SHOW INDEXES                         -- standard Cypher form
CALL db.indexes() YIELD name, type, labelsOrTypes, properties, state
CALL db.index.stats() YIELD name, type, totalEntries, uniqueValues, selectivity

Hybrid + RAG

For combined vector + BM25 + RRF + optional rerank, see the nornicdb-rag-procedures skill (db.retrieve, db.rretrieve, db.rerank, db.infer).

Common pitfalls

  • Dimensions must match. Build embeddings with the model the index expects. Mixing models silently corrupts results.
  • Cosine vs dot vs euclidean. Pick the function that matches the model's training objective. cosine is the right default unless you know otherwise.
  • String-in-vector procedure is a NornicDB extension. Drivers written against Neo4j may strip/escape the input.
  • db.index.vector.queryNodes requires the index to exist. It does not auto-create indexes.
  • Vector index applies to nodes that have the property set. Nodes without the embedding property are simply not searchable through that index.
  • Properties of type LIST<FLOAT> are eligible. Mixed-type lists or shorter-than-expected vectors are dropped.
  • Suppression interaction. If decay is enabled, suppressed entities are filtered out of vector and BM25 results unless the query is wrapped in reveal() (see the knowledge-policies skill).

Worked example

-- 1. Ensure both indexes
CREATE VECTOR INDEX docEmbeddings IF NOT EXISTS
FOR (n:Document) ON (n.embedding)
OPTIONS { indexConfig: { `vector.dimensions`: 1024, `vector.similarity_function`: 'cosine' } }

CREATE FULLTEXT INDEX docFulltext IF NOT EXISTS
FOR (n:Document) ON EACH [n.title, n.content]

-- 2. Insert with managed embedding
UNWIND $docs AS d
MERGE (n:Document {id: d.id})
SET   n.title   = d.title,
      n.content = d.content
WITH EMBEDDING
RETURN count(n) AS upserted

-- 3. Query both
CALL db.index.vector.queryNodes('docEmbeddings', 20, 'graph database performance')
YIELD node, score
RETURN node.id, node.title, score

Per-database master switches

Each database has independent BM25 and vector master switches plus warming triggers. Defaults reproduce today's behaviour: both enabled, both built at startup. Any caller (HTTP, Bolt, GraphQL, gRPC, Cypher procedures) sees the same contract because the gating lives on search.Service.

Setting (per DB or global) What changes
NORNICDB_SEARCH_BM25_ENABLED=false No BM25 build, no fulltext docs ingested. db.index.fulltext.queryNodes returns empty.
NORNICDB_SEARCH_VECTOR_ENABLED=false No ANN substrate built or loaded. db.index.vector.queryNodes returns empty + WARN log; query does not error.
NORNICDB_SEARCH_*_WARMING=lazy First inbound search blocks synchronously while the build runs; subsequent calls are warm.
Both *_ENABLED=false POST /nornicdb/search returns 503 search_disabled_for_database, retryable: false.

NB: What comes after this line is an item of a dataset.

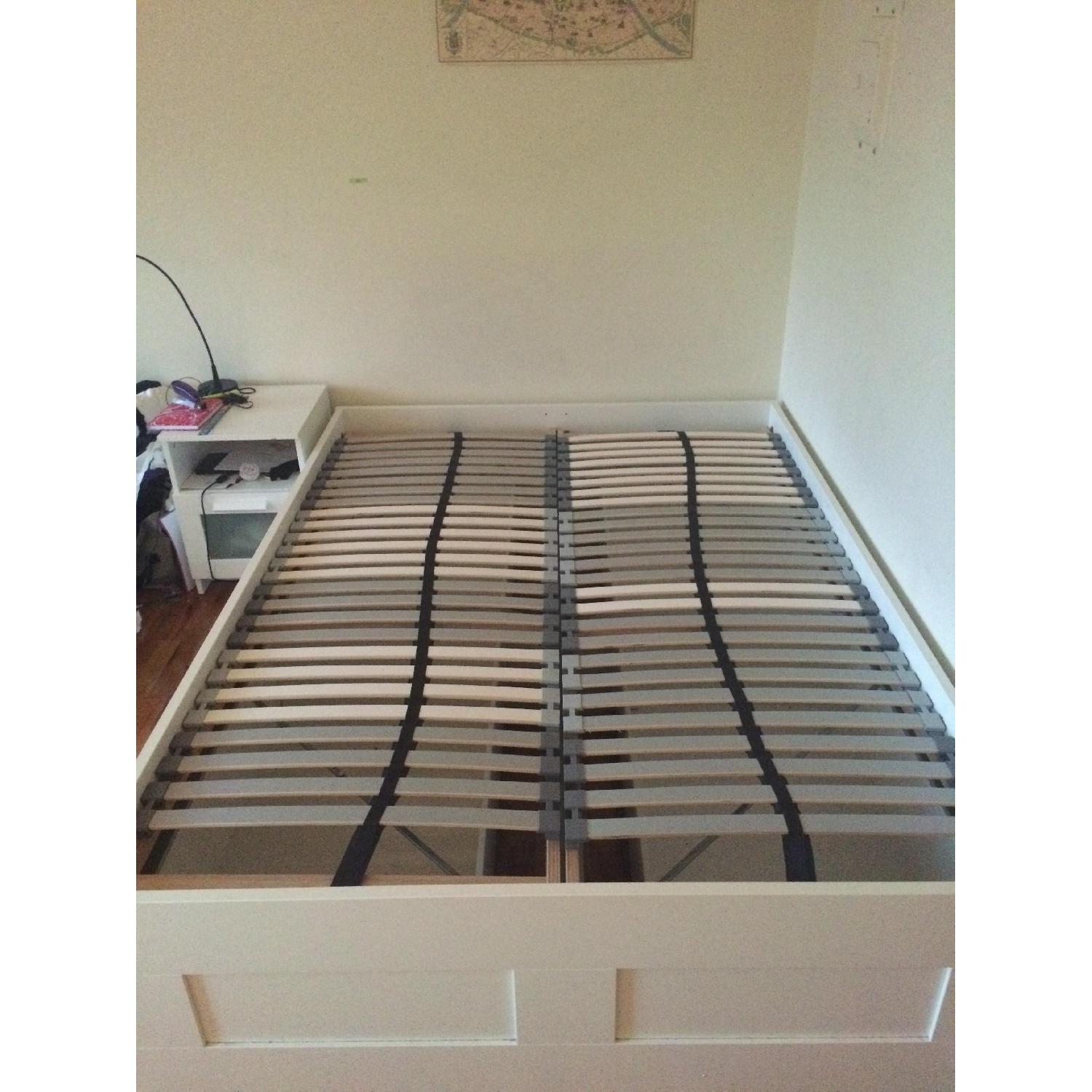 Ikea Full White Bed Frame W/ Lonset Slatted Bed Base - image-2
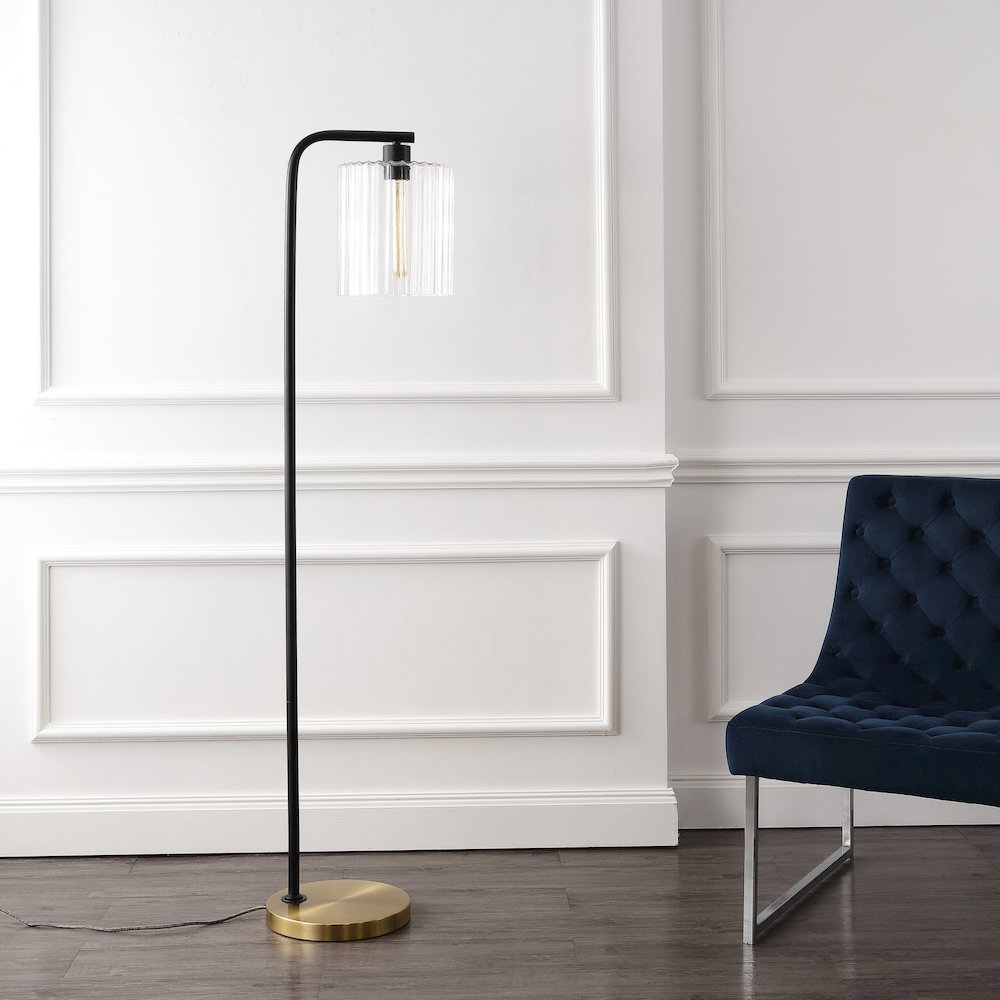 Easton Modern Minimalist Metal/Ribbed Glass Led Floor Lamp. Picture 1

Health/liveness probes must NOT target /nornicdb/search for warming=lazy or any *_enabled=false database — every probe would either trigger the build or stream 503 responses that look like real failures. Use /nornicdb/health (DB-agnostic) or /admin/databases/{name}/config (lookup-only) instead.

See docs/operations/configuration.md#per-database-search-index-control for the full matrix and yaml examples.